Opening the session – which was chaired by C4 Director of Cultural Diversity Stuart Cosgrove – ex-RTS chief and now Chair of the Campaign for Broadcasting Equality Simon Albury ruffled a few BBC feathers with a stinging attack on the corporation’s diversity strategy.
Focusing on the BBC’s news output, the former RTS Chief Executive said: “The BBC News Action plan doesn’t want to see Black, Asian and Minority Ethnic (BAME) people with editorial power or editorial responsibility – it just wants them to see a few of them up on-screen. On-screen representation is very important – but on-screen representation that is not matched by off-screen employment is a hollow and deceptive gesture.”

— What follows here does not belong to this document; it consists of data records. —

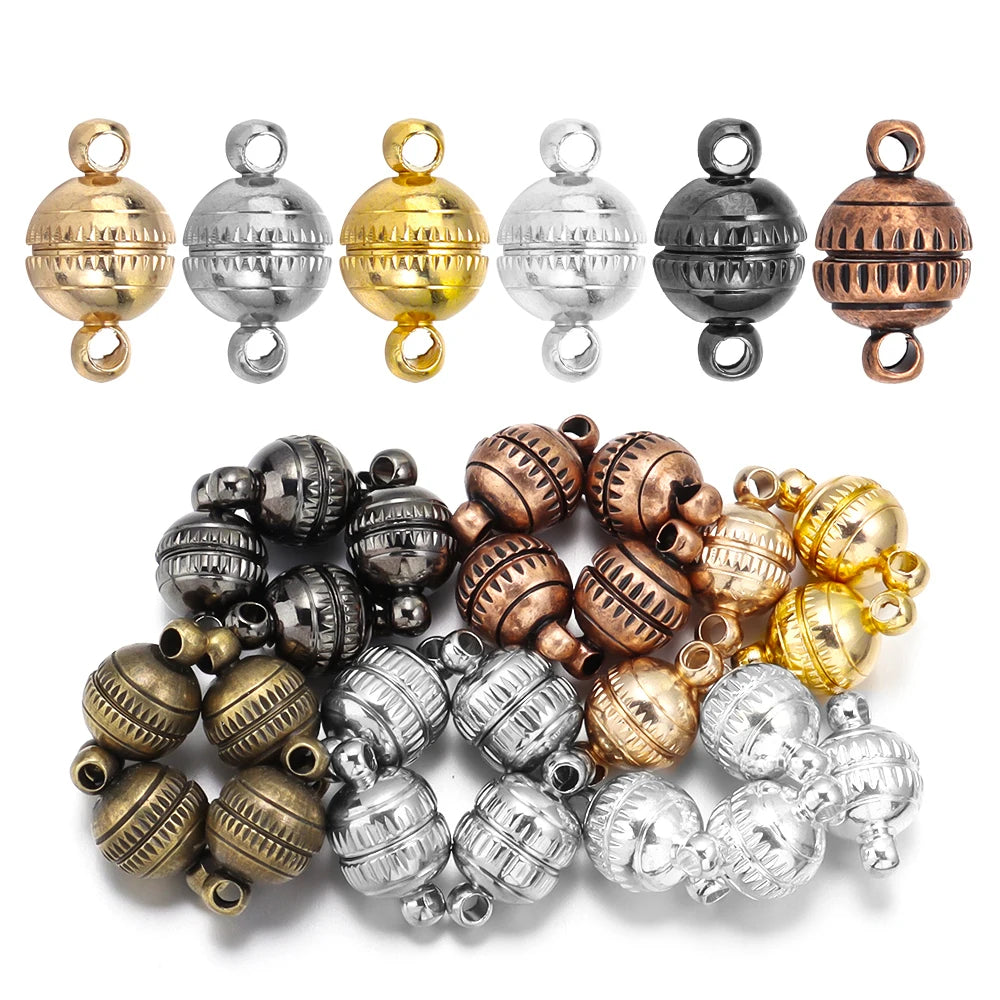 5pcs/lot Copper Strong Magnetic Clasps Round End Clasp Connectors For Jewelry Making DIY Handmade Bracelet Necklaces Accessories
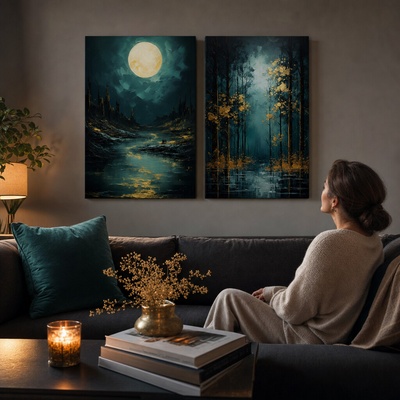 Set 2 obrazov Zlatá príroda — Mesiac, Fantázia - 2× 60×90 cm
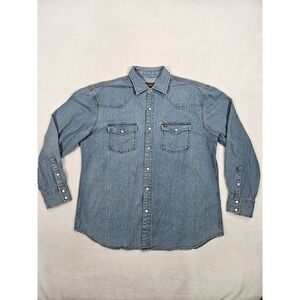 Territory Ahead Shirt Western Denim Blue Pearl Snap Cowboy Embroidered Mens Sz L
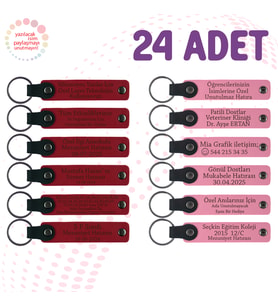 Kırmızı & Pembe, 24’lü Set, Kişiselleştirilebilir Hediyelik, Kına Gecesi Davetlilerine Anlamlı Anı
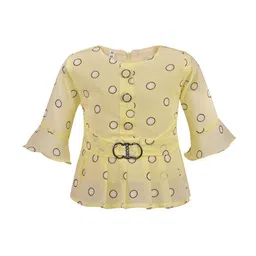 Wish Karo Girls Yellow Printed Flared Sleeves Belted Regular Top-picture-16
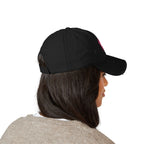 Embroidered Distressed Dad Hat — Pink Geometric Logo Cap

Peter Salmon, the BBC’s Director, England, accepted that “getting into the BBC can be really difficult. It can be opaque and frustrating and it’s very competitive.” But he added: “I’m not sure change happens because of being berated or pushed into a corner or typified as some kind of devil brand. The BBC does some amazing things.”
Salmon revealed that 12% of the BBC’s workforce is from BAME backgrounds, close to the UK average as a whole. He conceded, however, that this overall figure concealed some troubling areas. “It is clear that there are not enough black faces at the most senior levels of all our media companies, not just the BBC. And, while we bring on many good BAME producers, they don’t develop their careers fully with us.”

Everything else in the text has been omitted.